Unternehmensberater Leopold Stieger ist diese Ungerechtigkeit schon lange ein Dorn im Auge. Seit er die Geschäftsführung seiner »Gesellschaft für Personalentwicklung« an seine Söhne übergeben hat, widmet sich der 73-Jährige (siehe Interview) quasi »hauptberuflich« seinem Herzensthema, der Gestaltung der »dritten Lebensphase« nach der Pensionierung: »Viele glauben, an dieser Schallmauer ist Schluss. Aber wer ein Ziel hat und sich rechtzeitig ein Netzwerk aufbaut, ist nicht von einem Tag auf den anderen weg.« Eigeninitiative sei gefragt, denn Unternehmen hätten das Potenzial der rüstigen Senioren noch nicht erkannt, so Stieger. »Unsere Annahme zum Alter ist: Alle Fähigkeiten, die Junge auszeichnen, nehmen ab, nur die Wehwehchen werden mehr. Das stimmt nur zum Teil. Ältere Menschen sind vielleicht etwas langsamer, bringen aber mehr Wissen, Genauigkeit oder Gelassenheit mit.«

Geistige Betätigung hält jedenfalls fit. Wie eine kürzlich veröffentlichte Studie der Universität Zürich belegt, kann eine Frühpensionierung die Lebenserwartung stark verkürzen. Ein Forscherteam unter der Leitung des österreichischen Ökonomen Josef Zweimüller verglich die Sozialversicherungsdaten von 18.000 Männer und 3.000 Frauen aus der Steiermark, Ober- und Niederösterreich. Es handelt sich um Beschäftigte aus der Stahlindustrie, denen im Zuge der Krise in der Branche zwischen 1988 und 1993 die Möglichkeit zum vorzeitigen Ausscheiden aus dem Erwerbsleben angeboten wurde.

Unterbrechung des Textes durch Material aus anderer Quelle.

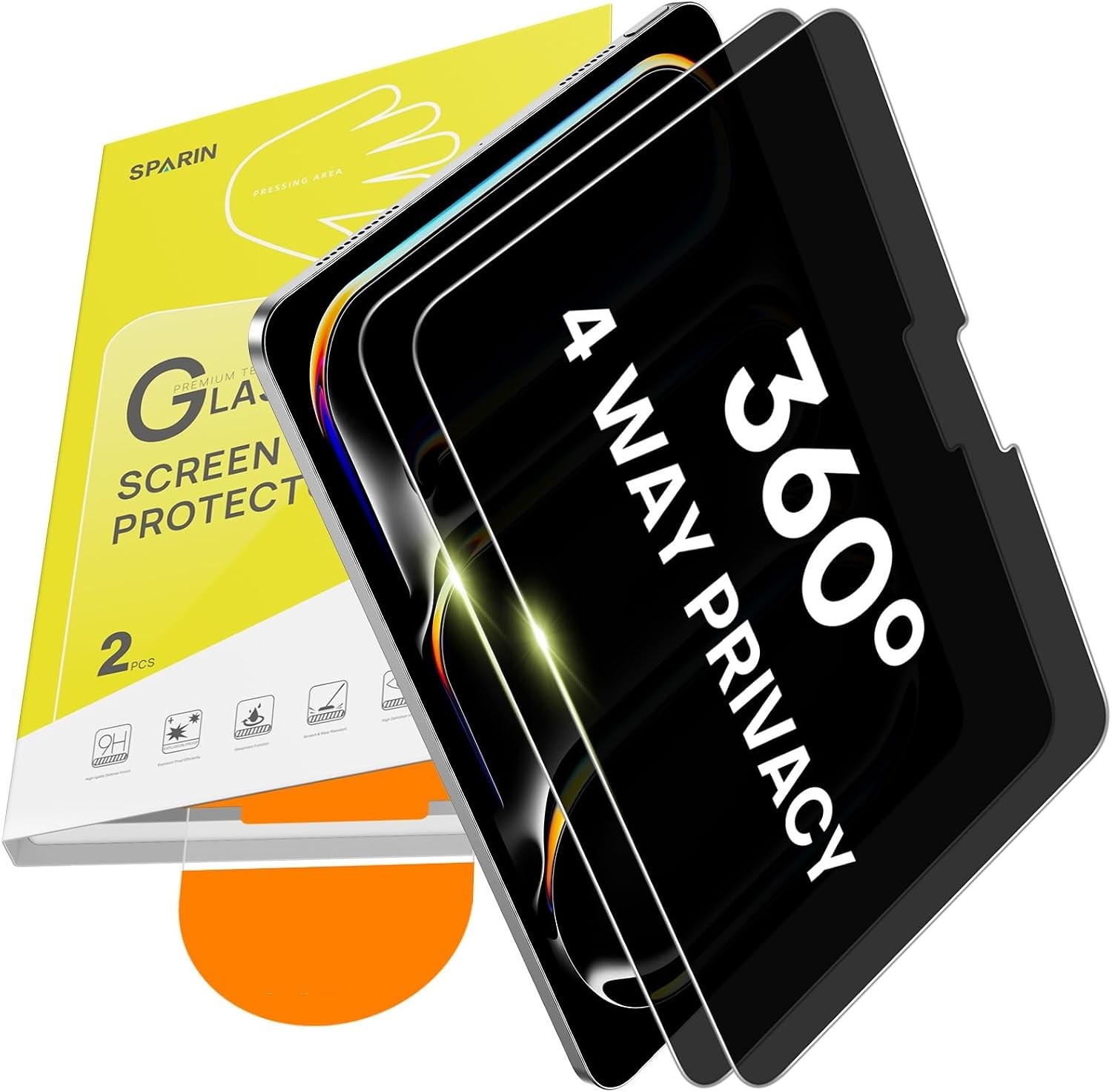 2 Pack 360° Privacy Screen Protector for iPad Pro 13 Inch M5 M4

Als Vergleichsgruppe dienten Beschäftige aus Regionen, in denen es dieses Angebot nicht gab. Das überraschende Ergebnis: Die Wahrscheinlichkeit, vor dem 67. Lebensjahr zu sterben, steigt bei Männern bereits um 13,4 % an, wenn sie nur ein Jahr früher in Pension geht. Ein Jahr vorzeitiger Ruhestand verkürzt die Lebenserwartung statistisch gesehen um  zwei Monate. Die­se Berechnung gilt jedoch nur für Männer, bei Frauen ergaben sich keine signifikanten Auffälligkeiten. Grund dafür ist nach Ansicht der Forscher vor allem der geänderte Lebenswandel. Obwohl die Frühpensionisten mehr Freizeit und vermutlich weniger Stress hatten, lebten sie ungesünder. So stiegen die Herzerkrankungen und die Erkrankungen infolge von Alkohol- und Tabakkonsum deutlich an. Auch die Zahl der tödlichen Autounfälle nahm zu. Vorerkrankungen wurden durch Rückgriff auf Krankenstandsdaten als Ursache ausgeschlossen. Andreas Kuhn, Co-Autor der Studie, ortet einen »ähnlichen Mechanismus wie bei der Arbeitslosigkeit«. Die Menschen definieren sich über ihre Arbeit. Wenn dieser Bereich wegfällt, gehen wichtige soziale Netzwerke verloren. Bei Frauen dürfte die Identifikation mit dem Beruf weniger stark ausgeprägt sein, da sie bedingt durch Phasen der Kindererziehung und Teilzeitarbeit meist schon früher Brüche in ihrer Erwerbsbiografie bewältigen mussten. Fazit: Menschen brauchen eine sinnvolle Beschäftigung, ob bezahlt oder unbezahlt.